Several individuals who invested money in the Palmyra project have claimed that they are having difficulty recovering their investment despite the failure of the developers to deliver the premises under the agreement.
"I had actually started legal action to recover my money before it (The Palmyra) went into receivership," well-known businessman and hotelier Godfrey Dyer told The Sunday Gleaner recently.
Dyer, who the records show made a down payment of US$15,345 to the developers for a condominium, said he has been trying to recover his payments because the developer was two and a half years late in delivery.
The Real Estate Board and Strata Commission has also gone to court "seeking to protect purchaser's deposits under prepayment contracts either by way of a refund, or if the scheme is going ahead, to ensure that contracts are completed".

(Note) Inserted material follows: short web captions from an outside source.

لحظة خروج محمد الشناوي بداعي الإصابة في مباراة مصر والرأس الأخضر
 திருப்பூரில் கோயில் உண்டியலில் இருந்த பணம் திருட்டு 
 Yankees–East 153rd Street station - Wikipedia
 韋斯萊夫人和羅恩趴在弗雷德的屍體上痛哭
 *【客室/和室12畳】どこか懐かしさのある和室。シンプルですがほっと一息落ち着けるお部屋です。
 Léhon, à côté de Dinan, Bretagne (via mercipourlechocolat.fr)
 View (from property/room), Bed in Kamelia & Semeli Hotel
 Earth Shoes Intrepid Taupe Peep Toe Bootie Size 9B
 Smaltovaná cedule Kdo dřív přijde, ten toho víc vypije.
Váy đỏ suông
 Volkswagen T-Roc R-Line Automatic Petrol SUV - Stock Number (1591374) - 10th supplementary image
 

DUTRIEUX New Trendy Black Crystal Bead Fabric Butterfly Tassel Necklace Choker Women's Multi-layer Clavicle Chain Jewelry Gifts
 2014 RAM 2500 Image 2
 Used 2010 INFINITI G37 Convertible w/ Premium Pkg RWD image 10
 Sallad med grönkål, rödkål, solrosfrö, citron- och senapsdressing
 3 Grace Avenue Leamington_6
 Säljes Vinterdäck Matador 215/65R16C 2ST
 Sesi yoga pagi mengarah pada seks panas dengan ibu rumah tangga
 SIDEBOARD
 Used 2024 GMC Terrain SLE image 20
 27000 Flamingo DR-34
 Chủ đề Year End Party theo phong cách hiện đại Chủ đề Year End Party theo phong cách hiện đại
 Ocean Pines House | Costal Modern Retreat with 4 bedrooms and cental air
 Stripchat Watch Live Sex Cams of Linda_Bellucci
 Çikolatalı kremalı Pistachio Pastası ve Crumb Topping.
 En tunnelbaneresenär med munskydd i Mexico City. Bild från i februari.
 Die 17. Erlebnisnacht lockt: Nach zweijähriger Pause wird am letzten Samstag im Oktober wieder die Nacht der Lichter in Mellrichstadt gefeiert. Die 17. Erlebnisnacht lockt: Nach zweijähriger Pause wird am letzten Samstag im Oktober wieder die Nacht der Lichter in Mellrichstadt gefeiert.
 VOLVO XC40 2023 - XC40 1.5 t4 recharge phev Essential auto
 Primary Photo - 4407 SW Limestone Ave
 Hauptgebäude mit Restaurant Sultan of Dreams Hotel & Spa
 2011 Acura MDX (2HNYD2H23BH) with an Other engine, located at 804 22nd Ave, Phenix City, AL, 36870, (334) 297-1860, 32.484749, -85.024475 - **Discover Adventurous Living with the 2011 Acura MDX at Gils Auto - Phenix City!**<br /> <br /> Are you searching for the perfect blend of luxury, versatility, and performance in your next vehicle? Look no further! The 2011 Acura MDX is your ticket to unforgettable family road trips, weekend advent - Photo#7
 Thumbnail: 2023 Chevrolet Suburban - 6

"We had a problem getting information from the developer, that is why we are in court now," Sandra Watson, chief executive officer at the Real Estate Board, told The Sunday Gleaner.
According to an affidavit filed by the Real Estate Board and Strata Commission, there is no evidence of the legally required trust fund, which should have been established to deposit the more than US$2.4 million collected by the developers from purchasers.
Trotta made no mention of the trust fund in his rebuttal but said the accounts of The Palmyra, while under his control, were audited by two internationally acclaimed audit firms.
He argued that the two banks which placed the development into receivership Royal Bank Jamaica (RBC) and National Commercial Bank (NCB) have been in complete control of the company's accounts since 2009.
The gated facility is a 288-room hotel/condominium complex encompassing three towers, two of which were completed sitting on 16 acres of pristine beachfront land along the Rose Hall corridor.
The developers of the project fell into arrears on US$110 million of principal loans - US$22 million of which was financed by RBC while the remaining US$88 million is held by NCB.
But Trotta maintains that all the information on purchasers and incomplete transactions were in the hand of the receiver, and charged that with the cooperation of both banks; the project would now be completed.
"From the day the receiver was appointed, I have made it abundantly clear to all parties involved that I will take any measures necessary to protect my US$100 million investment, the investment of each and every owner and fulfil my commitment to complete the project."
According to the developer, several attempts to resolve the outstanding issues with the lenders have been unsuccessful.
He suggested that a lawsuit is inevitable if the issues with the lending institutions are not resolved in the near future.